● PROBLEM: Transcribe the whole listing below without changing a word, but leave out every image.

● SUPPLIED INFORMATION:
+ + + + + + +

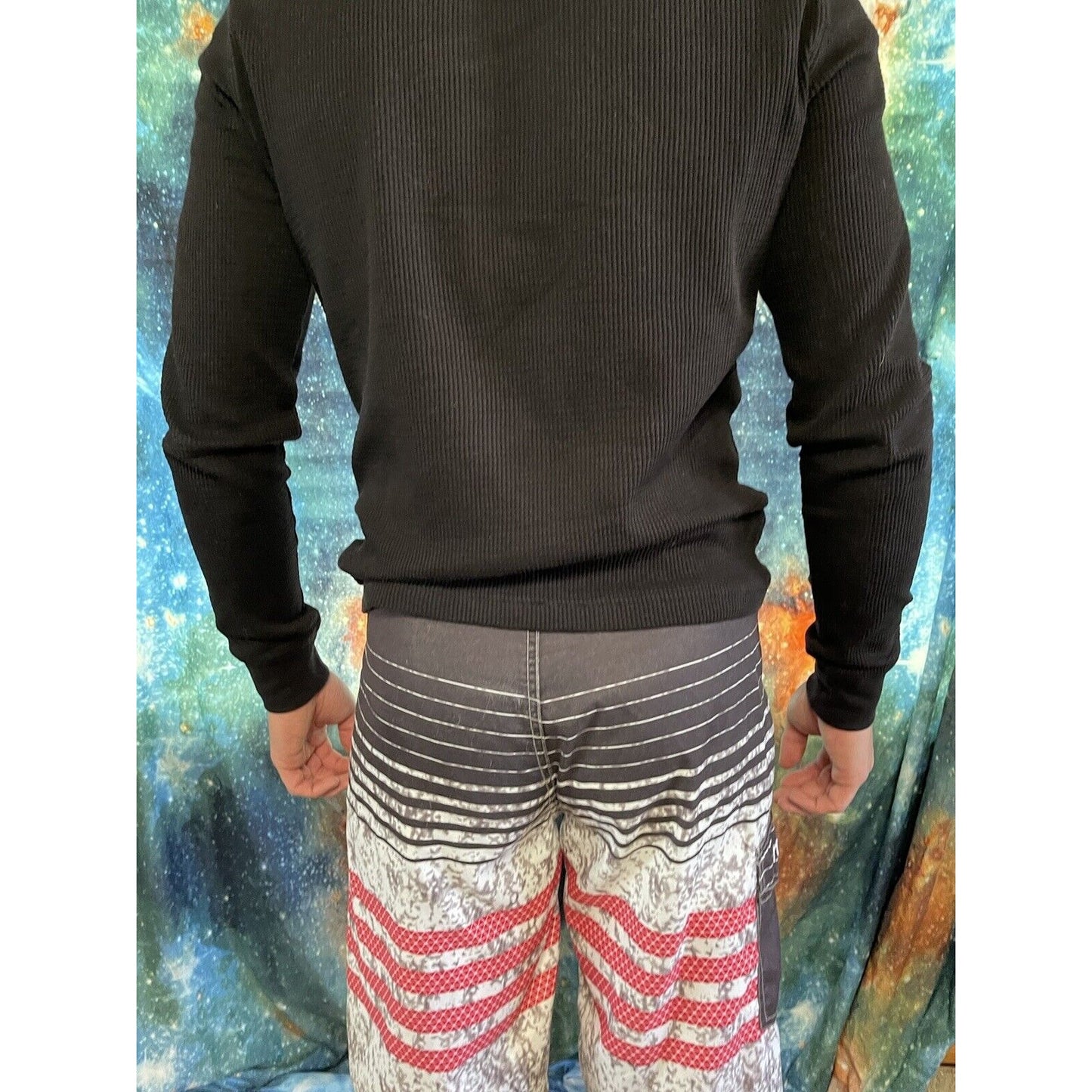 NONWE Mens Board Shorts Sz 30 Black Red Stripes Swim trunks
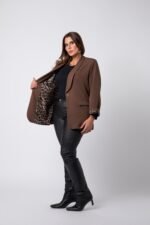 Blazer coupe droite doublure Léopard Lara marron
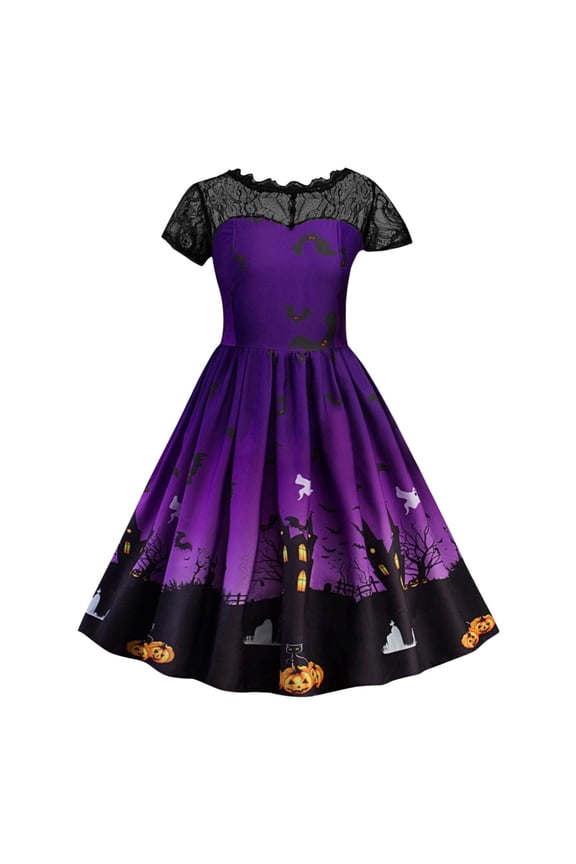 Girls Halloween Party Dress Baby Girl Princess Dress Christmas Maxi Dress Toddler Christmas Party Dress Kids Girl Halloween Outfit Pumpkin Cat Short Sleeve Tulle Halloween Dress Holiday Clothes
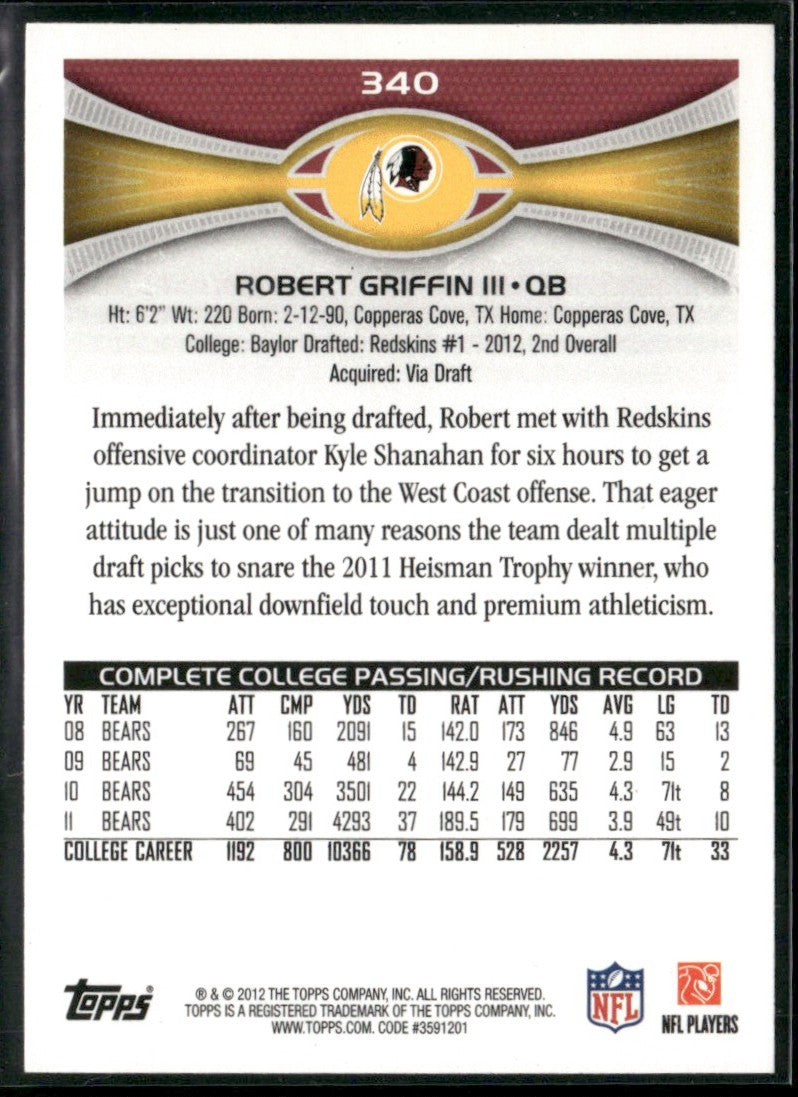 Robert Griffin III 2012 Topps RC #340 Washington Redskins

+ + + + + + +

● COMPLETED TASK:
 NONWE Mens Board Shorts Sz 30 Black Red Stripes Swim trunks
 Blazer coupe droite doublure Léopard Lara marron
 Girls Halloween Party Dress Baby Girl Princess Dress Christmas Maxi Dress Toddler Christmas Party Dress Kids Girl Halloween Outfit Pumpkin Cat Short Sleeve Tulle Halloween Dress Holiday Clothes
 Robert Griffin III 2012 Topps RC #340 Washington Redskins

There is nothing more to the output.